# Englander 25 PDV E2 followed by E1



## cbs510 (Dec 8, 2015)

About four weeks ago had a lot of smoke coming out of our stove. We started taking it apart to figure out what the problem was. There was a lot of creosote build up in the bottom auger. We ordered new auger, got them aligned started up E2 followed by E1. We noticed one motor wasn't running, so ordered a new one. Replaced that still getting same codes. The blower seems to be running. Not sure how to check the vacuum switch. This stove was in our house when we bought it, so we are still learning. Any suggestions would be helpful.


----------



## Harvey Schneider (Dec 8, 2015)

E2 is a failure to start error, and E1 is a vacuum loss error.
With a vacuum loss the upper auger will not deliver any fuel, that results in a failure to start. 
The most probable causes are:

faulty door seals
a broken or disconnected vacuum hose
a bad vacuum switch
The hopper lid is not latched (not all stoves were equipped with a hopper lid switch)
Check you door seals on all sides by closing the door on a dollar bill. If there is little resistance to removing the bill with the door latched, the seals need replacement.


----------



## cbs510 (Dec 8, 2015)

Harvey Schneider said:


> E2 is a failure to start error, and E1 is a vacuum loss error.
> With a vacuum loss the upper auger will not deliver any fuel, that results in a failure to start.
> The most probable causes are:
> 
> ...



I will do the dollar bill thing tonight when I get home. We had replaced the vacuum hose already, had ordered that along with the auger.


----------



## Cedarjunki (Dec 8, 2015)

Harvey Schneider said:


> E2 is a failure to start error, and E1 is a vacuum loss error.
> With a vacuum loss the upper auger will not deliver any fuel, that results in a failure to start.
> The most probable causes are:
> 
> ...



I have to add to this list. In my case it would be in the number 1 spot.

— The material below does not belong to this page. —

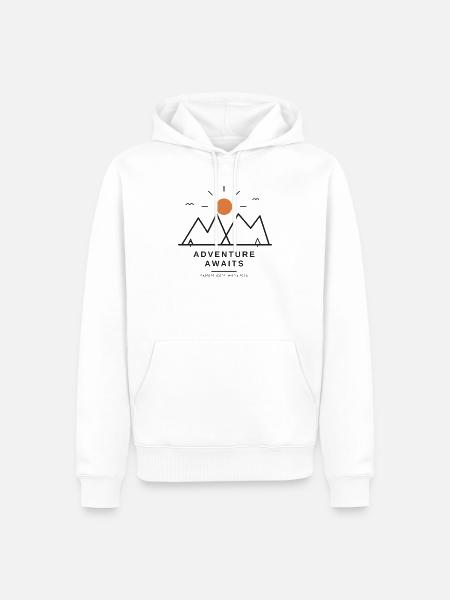 Adventure Awaits - Männer Premium Bio Hoodie - Weiß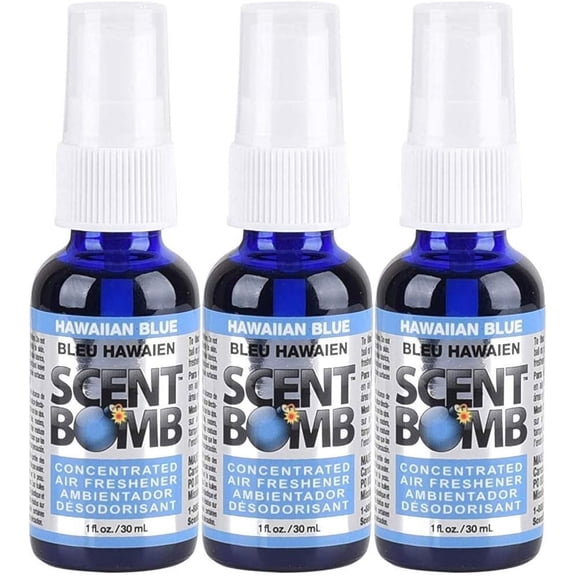 Scent Bomb 100% Concentrated Air Freshener Car/Home Spray [Choose The Scent] (Hawaiian Blue, 3 Bottles)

Clean the entire stove and piping as well as make sure the vacuum ports are not clogged... if the creosote was so bad that the auger was replaced  then i would assume something is plugged.


----------



## sweets (Dec 23, 2015)

I got e2 several times at start up , air switch good but bypass , now running mints , i think it needs a brain like me...


----------



## Harvey Schneider (Dec 23, 2015)

sweets said:


> I got e2 several times at start up , air switch good but bypass , now running mints , i think it needs a brain like me...


That probably means that you have an air leak into the firebox. Check door seals with a dollar bill. There should be some drag when you try to pull the bill from under the door seal. Check all four sides.
It could also be that the bearings on the blower motor are sticky and the blower doesn't turn at speed until it warms up.
Or it could be a blockage of the exhaust vent.

*Do not continue to run the stove with a safety feature disabled.*


----------



## sweets (Dec 23, 2015)

Harvey Schneider said:


> That probably means that you have an air leak into the firebox. Check door seals with a dollar bill. There should be some drag when you try to pull the bill from under the door seal. Check all four sides.
> It could also be that the bearings on the blower motor are sticky and the blower doesn't turn at speed until it warms up.
> Or it could be a blockage of the exhaust vent.
> 
> *Do not continue to run the stove with a safety feature disabled.*


When i power the stove up , its lazy ,u gotta keep hitting the on off switch after the code keeps setting , that why i think its circut board , but i cant do dollar bill test cause the glass is way smaller than the door , stove a year old , changed motor for the hell of it , no change ,
Its like the circut board isnt supplying enough power to start up and burn rite , possible???


----------



## sweets (Dec 23, 2015)

I gotta a rope kit and side clean out gasket coming from company , like i said door gaskets fine , it has adjustable 
Buckles to tighten door


----------



## Harvey Schneider (Dec 23, 2015)

sweets said:


> I gotta a rope kit and side clean out gasket coming from company , like i said door gaskets fine , it has adjustable
> Buckles to tighten door


The dollar bill test is for the door's gaskets. It shouldn't have anything to do with the size of the glass area. 
Lazy flame is an indication that there isn't enough air moving through the firepot. Again an indication of a leak or a plugged vent. That is what the vac sensor was trying to tell you (E2).


----------



## sweets (Dec 23, 2015)

Harvey Schneider said:


> The dollar bill test is for the door's gaskets. It shouldn't have anything to do with the size of the glass area.
> Lazy flame is an indication that there isn't enough air moving through the firepot. Again an indication of a leak or a plugged vent. That is what the vac sensor was trying to tell you (E2).


Sensor fine , my stove u cant pull it out
Must be control board


----------



## Harvey Schneider (Dec 23, 2015)

sweets said:


> Sensor fine , my stove u cant pull it out
> Must be control board


The control board would be the last guess on my list.
A post on another Thread by AlternativeHeat started me thinking. You said that you had a lot of smoke coming out of the stove. Was that coming into the house or out of the exhaust vent? 
That begs the question; Do you have an outside air source set up for combustion air? Your stove requires outside air. Without it, low air pressure in the house can cause the problems you are seeing.


----------



## sweets (Dec 23, 2015)

Harvey Schneider said:


> The control board would be the last guess on my list.
> A post on another Thread by AlternativeHeat started me thinking. You said that you had a lot of smoke coming out of the stove. Was that coming into the house or out of the exhaust vent?
> That begs the question; Do you have an outside air source set up for combustion air? Your stove requires outside air. Without it, low air pressure in the house can cause the problems you are seeing.


No smoke


----------



## Harvey Schneider (Dec 23, 2015)

sweets said:


> No smoke


Sorry, that was the OP. That's what happens when you hijack a thread.


----------



## sweets (Dec 23, 2015)

Hahahahahahahahaha,ill let you know 
What i find out , you're only in the next town over..


----------



## sweets (Dec 29, 2015)

sweets said:


> Hahahahahahahahaha,ill let you know
> What i find out , you're only in the next town over..


 It was the control board ,I did some research and tested it with a multi meter not getting enough juice to the motor from the circuitboard thanks for your input


----------